In this guide, grantmakers and grantees describe the experience of using a "gender lens" in their work. They explain what gender analysis is and isn't - and why it can help shape more effective programs and organizations. The guide also takes a closer look at how gender analysis has led to new thinking in fields as diverse as public health, international development, juvenile justice, and youth services. And it offers additional insights and special advice on issues ranging from "What about Men and Boys" to "Uncovering Gender Assumptions."
What's in the Guide?
- Bringing a gender analysis to your grantmaking
- Understanding how it can help grantees to be more effective
- Applying it in your own organization
- Understanding What Gender Analysis Is and Isn't: "Gender" doesn't mean "not men," and "gender analysis" is more than a way of thinking about programs for women and girls. By uncovering assumptions about gender, grantmakers have found hidden opportunities, framed more insightful questions, and explored the possibility of new programs and organizations that work better for women and girls and men and boys.

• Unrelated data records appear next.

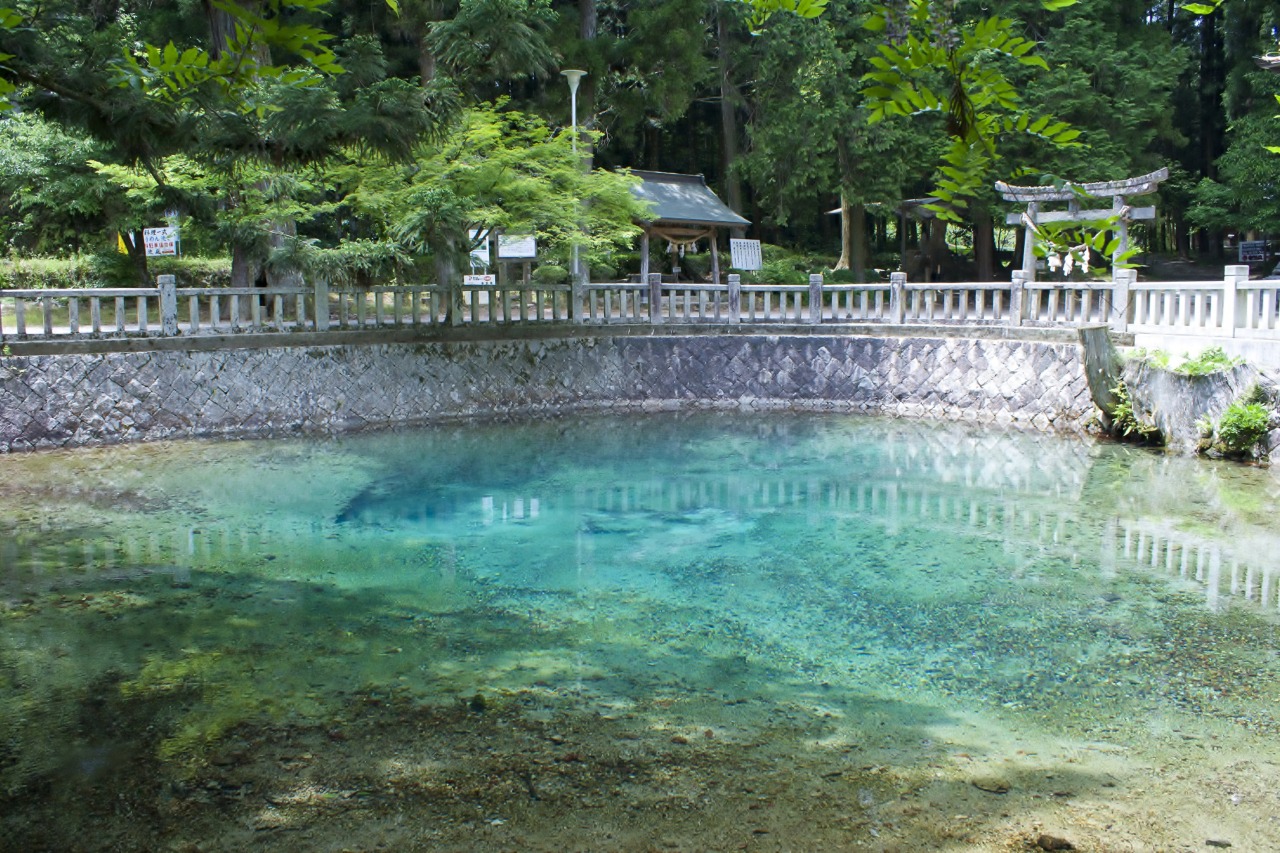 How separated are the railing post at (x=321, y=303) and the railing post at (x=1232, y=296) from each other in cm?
1191

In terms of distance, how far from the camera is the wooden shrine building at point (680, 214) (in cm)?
2334

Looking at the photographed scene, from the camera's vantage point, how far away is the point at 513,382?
Answer: 1722 centimetres

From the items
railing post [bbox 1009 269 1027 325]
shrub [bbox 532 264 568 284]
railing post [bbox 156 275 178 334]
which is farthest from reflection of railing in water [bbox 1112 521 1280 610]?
railing post [bbox 156 275 178 334]

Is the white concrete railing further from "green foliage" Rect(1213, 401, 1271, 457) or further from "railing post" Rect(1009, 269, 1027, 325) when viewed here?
"green foliage" Rect(1213, 401, 1271, 457)

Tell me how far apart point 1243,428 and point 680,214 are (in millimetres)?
13529

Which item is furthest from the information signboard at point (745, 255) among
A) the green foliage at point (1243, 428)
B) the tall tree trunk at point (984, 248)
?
the green foliage at point (1243, 428)

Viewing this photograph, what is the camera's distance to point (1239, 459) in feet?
42.3

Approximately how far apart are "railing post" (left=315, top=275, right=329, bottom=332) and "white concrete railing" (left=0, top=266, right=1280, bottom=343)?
15mm

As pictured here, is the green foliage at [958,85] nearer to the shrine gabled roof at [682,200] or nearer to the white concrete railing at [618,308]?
the white concrete railing at [618,308]

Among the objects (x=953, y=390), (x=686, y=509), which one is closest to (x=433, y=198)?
(x=686, y=509)

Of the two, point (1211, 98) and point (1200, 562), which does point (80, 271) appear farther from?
point (1211, 98)

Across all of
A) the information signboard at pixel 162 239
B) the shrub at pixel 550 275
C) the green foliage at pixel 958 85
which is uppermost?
the information signboard at pixel 162 239

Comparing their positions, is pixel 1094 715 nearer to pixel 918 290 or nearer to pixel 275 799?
pixel 275 799

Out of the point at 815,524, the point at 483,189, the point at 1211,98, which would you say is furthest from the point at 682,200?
the point at 1211,98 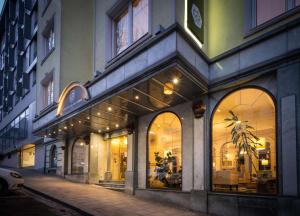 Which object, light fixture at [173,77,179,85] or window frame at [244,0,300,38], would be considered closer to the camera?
window frame at [244,0,300,38]

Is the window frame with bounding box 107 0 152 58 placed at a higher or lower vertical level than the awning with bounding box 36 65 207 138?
higher

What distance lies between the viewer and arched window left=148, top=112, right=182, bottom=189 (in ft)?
41.6

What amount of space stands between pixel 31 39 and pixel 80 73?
1172 centimetres

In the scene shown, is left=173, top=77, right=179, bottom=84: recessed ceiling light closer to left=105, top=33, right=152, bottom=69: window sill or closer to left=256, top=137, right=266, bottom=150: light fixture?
left=105, top=33, right=152, bottom=69: window sill

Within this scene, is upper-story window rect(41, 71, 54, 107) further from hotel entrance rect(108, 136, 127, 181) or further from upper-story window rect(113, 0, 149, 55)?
upper-story window rect(113, 0, 149, 55)

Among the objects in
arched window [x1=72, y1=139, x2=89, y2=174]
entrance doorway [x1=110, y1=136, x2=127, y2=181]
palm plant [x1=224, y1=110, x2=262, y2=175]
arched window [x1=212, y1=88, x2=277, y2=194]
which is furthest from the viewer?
arched window [x1=72, y1=139, x2=89, y2=174]

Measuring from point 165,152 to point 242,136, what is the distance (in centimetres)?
389

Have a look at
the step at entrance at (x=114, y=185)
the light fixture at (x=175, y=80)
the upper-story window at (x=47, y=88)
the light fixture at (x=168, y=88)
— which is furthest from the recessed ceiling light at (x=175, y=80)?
the upper-story window at (x=47, y=88)

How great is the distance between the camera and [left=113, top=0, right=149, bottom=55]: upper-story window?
43.7ft

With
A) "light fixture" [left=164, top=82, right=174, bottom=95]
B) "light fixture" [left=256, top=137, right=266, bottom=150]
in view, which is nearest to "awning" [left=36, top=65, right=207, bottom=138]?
"light fixture" [left=164, top=82, right=174, bottom=95]

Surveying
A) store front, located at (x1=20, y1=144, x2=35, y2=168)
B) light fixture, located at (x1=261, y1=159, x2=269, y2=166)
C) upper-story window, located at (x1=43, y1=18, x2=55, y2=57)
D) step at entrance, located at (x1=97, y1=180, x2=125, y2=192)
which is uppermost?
upper-story window, located at (x1=43, y1=18, x2=55, y2=57)

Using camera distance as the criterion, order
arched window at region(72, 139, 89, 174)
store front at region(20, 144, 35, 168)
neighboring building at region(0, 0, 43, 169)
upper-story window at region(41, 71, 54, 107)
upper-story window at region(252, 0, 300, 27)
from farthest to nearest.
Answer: store front at region(20, 144, 35, 168), neighboring building at region(0, 0, 43, 169), upper-story window at region(41, 71, 54, 107), arched window at region(72, 139, 89, 174), upper-story window at region(252, 0, 300, 27)

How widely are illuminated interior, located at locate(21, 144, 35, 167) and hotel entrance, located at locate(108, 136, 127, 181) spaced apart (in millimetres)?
14438

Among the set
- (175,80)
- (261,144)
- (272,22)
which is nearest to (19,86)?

- Using It with Grantees: At its best, gender analysis is a tool for promoting curiosity, which in turn can help people improve the effectiveness of programs and institutions. In this section, grantmakers offer their advice on how to foster inquiry by asking the right questions at the right time, encouraging experimentation, and supporting learning.
- Applying It in Your Own Organization: Gender analysis works best when it's on the agenda for the whole foundation. Grantmakers suggest a number of ways to get colleagues thinking about gender. The key, they say, is to emphasize connections between gender analysis and the values and principles of your organization.